Une manifestation aussi massive, a fortiori lorsqu’elle veut contester une loi tendant à renforcer le statut des forces de l’ordre aurait a priori toutes les chances de dégénérer. Pourtant, ce que nous avons vu, nous, c’est un pacifisme exemplaire pendant la quasi-totalité de la manifestation. Forces de l’ordre et manifestant.e.s avaient tenu à ne pas transformer ces revendications en heurts et en violence. Preuve encore que les manifestant.e.s étaient dans leur immense majorité venu.e.s défendre leurs droits, et que c’était là leur seul et unique but.
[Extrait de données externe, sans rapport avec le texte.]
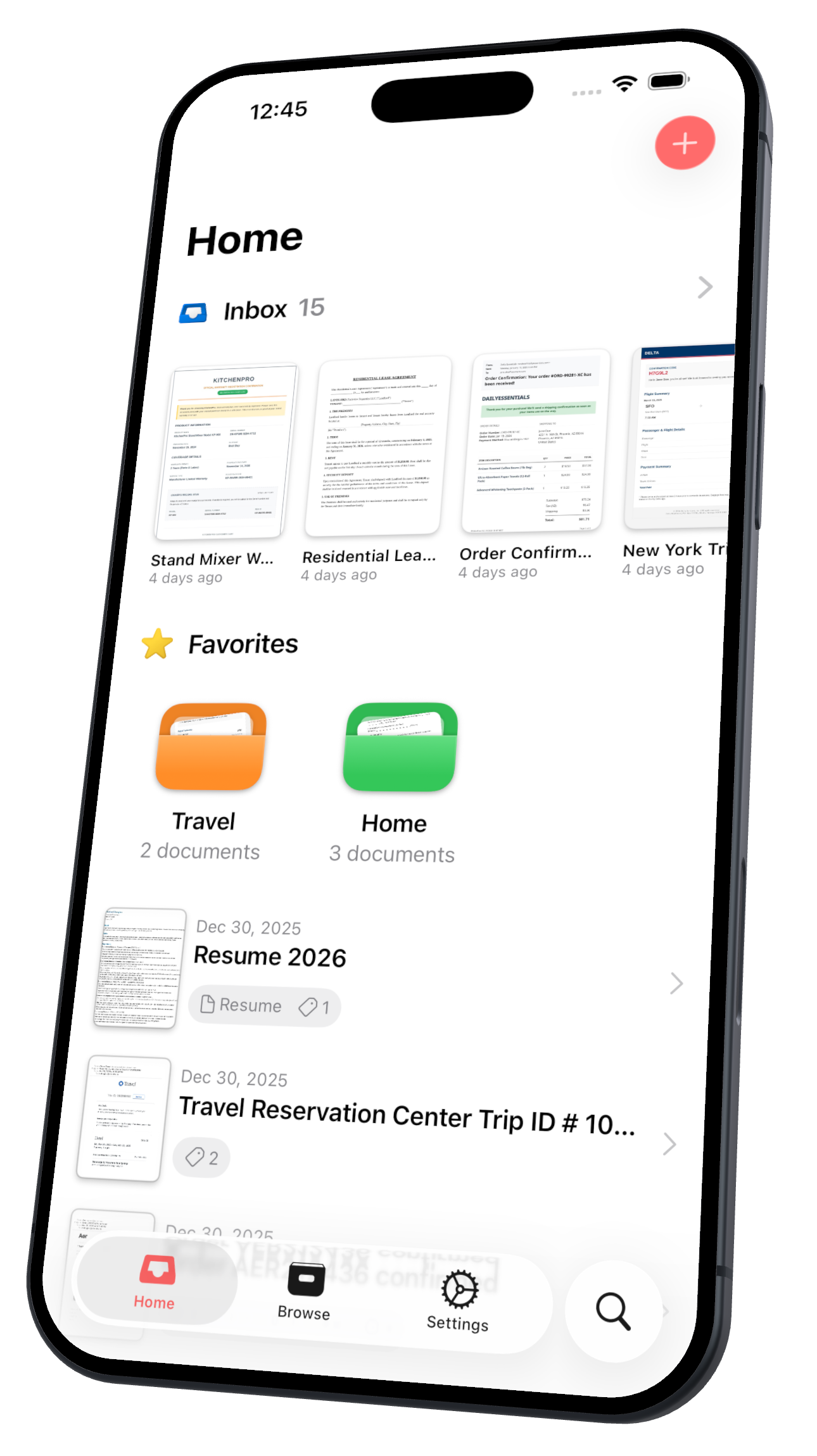 Afterpage app showing organized document library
Des heurts et violence en fin de manifestation, à cause des black blocs

Arrivé près de Bastille, les premières fumées. Une voiture, puis une moto étaient en flammes. À Bastille, l’ambiance n’était plus la même, et les flammes bien plus nombreuses. Les gaz lacrymogènes ont donc naturellement été lancés, et nous avons fini par retourner au métro pour éviter davantage de heurts. Ce sur quoi nous tenons à attirer votre attention (et s’il n’y a qu’une seule chose que vous deviez retenir de cet article, c’est bien celle-ci), c’est que toutes ces violences ne sont en aucun cas le fait des manifestant.e.s. Elles sont le fait de black blocs qui ne poursuivent pas les revendications des manifestant.e.s, et qui d’ailleurs se rendent souvent directement sur les lieux de destination des marches dans le but de semer la zizanie et d’attaquer les forces de l’ordre. Il n’y a donc pas lieu de dire, comme nous avons pu le lire sur certains réseaux sociaux, que les manifestant.e.s poursuivaient certes des intérêts légitimes, mais se décrédibilisent en étant violent.e.s.

Croquis de Fred Spirin

Les blacks blocs, il y en a très souvent en manifestation, et ce sont souvent les mêmes. On peut dès lors se demander comment il est possible qu’ils n’aient pas encore été mis hors d’état de nuire. De plus en plus, nous avons des témoignages de personnes en relation avec les Préfectures qui indiquent que les services de renseignement des Préfectures de police connaissent les noms de ces black blocs, mais qu’il n’est jamais ordonné aux forces de l’ordre de procéder à leur arrestation. Très récemment, Linda Kebbab, policière, a indiqué à Bourdin Direct que les black blocs étaient clairement identifiés, et que le code de procédure pénale permettait, par le biais des contrôles d’identités, de les arrêter, mais que l’ordre n’était jamais donné. Et ce n’est pas la première fois que cette même affirmation est faite aux médias. Pourquoi alors ? L’hypothèse principale est que les Préfectures de police instrumentalisent les black blocs, laissant libre cours à leurs méfaits de manière à discréditer les manifestants. Et cela fonctionne ! Puisque l’opinion publique s’indigne (à raison) de ces violences en les imputant (à tort) aux manifestant.e.s. Cela peut aussi dissuader d’aller en manifestation pour éviter d’être blessé.e. D’autres vont encore plus loin en affirmant que parmi les black blocs, il y aurait des policièr.e.s en civil, arguant des expériences personnelles au cours desquelles ils auraient vu des policiers en civil se transformer en de violents black blocs. Nous ne nous prononcerons pas là-dessus, mais dès lors qu’il est avéré que les Préfectures laissent libre cours aux black blocs, cette affirmation n’est en tout état de cause pas absurde.